#### The data ####

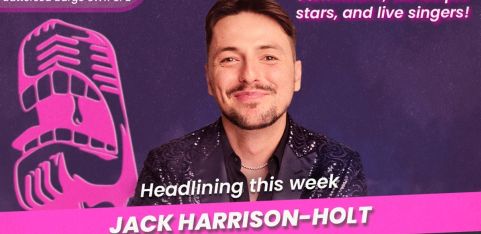 LINES Cabaret Vauxhall Variety Show presents Jack Harrison - Holt 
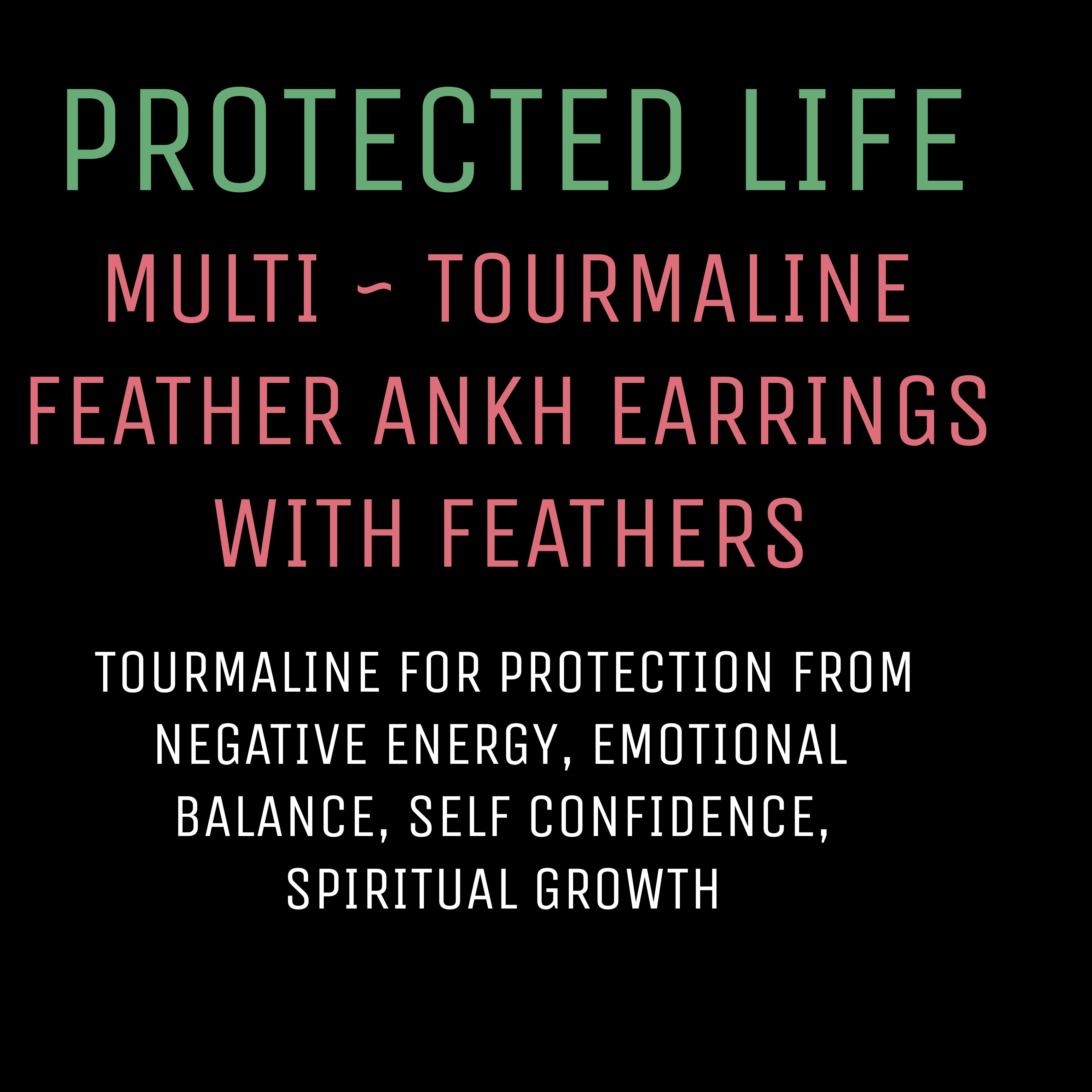 PROTECTED LIFE EARRINGS
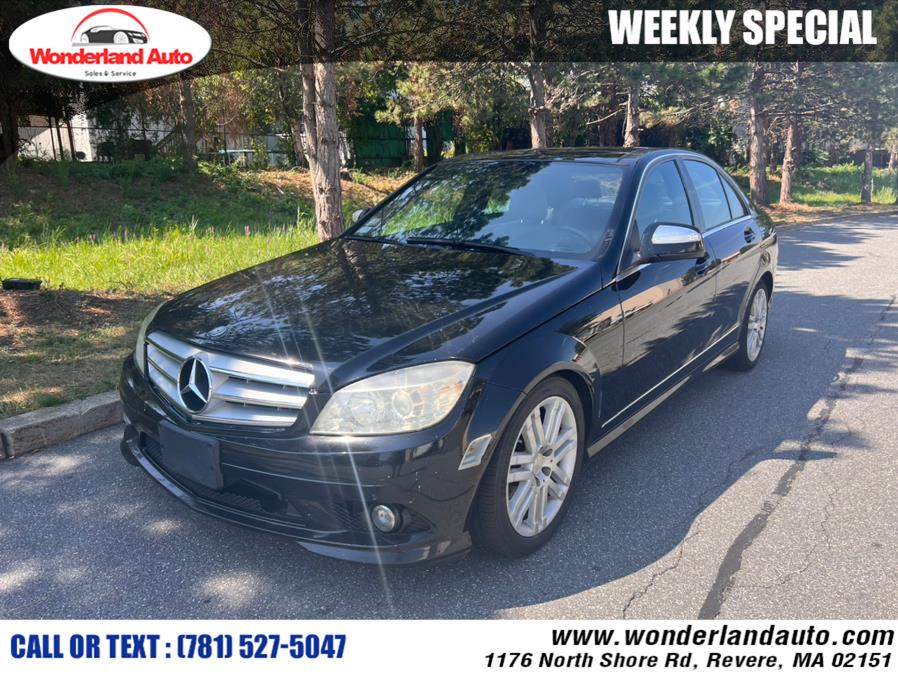 2008 Mercedes-Benz C-Class 4dr Sdn 3.0L Sport 4MATIC, available for sale in Revere, Massachusetts | Wonderland Auto. Revere, Massachusetts 2008 Mercedes-Benz C-Class 4dr Sdn 3.0L Sport 4MATIC, available for sale in Revere, Massachusetts | Wonderland Auto. Revere, Massachusetts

####

• **Prompt**: Excluding pictures, copy exactly the lines from the line containing "PROTECTED LIFE EARRINGS" through the last line of the data, inclusive.

• **Answer to the problem**:
 PROTECTED LIFE EARRINGS
 2008 Mercedes-Benz C-Class 4dr Sdn 3.0L Sport 4MATIC, available for sale in Revere, Massachusetts | Wonderland Auto. Revere, Massachusetts 2008 Mercedes-Benz C-Class 4dr Sdn 3.0L Sport 4MATIC, available for sale in Revere, Massachusetts | Wonderland Auto. Revere, Massachusetts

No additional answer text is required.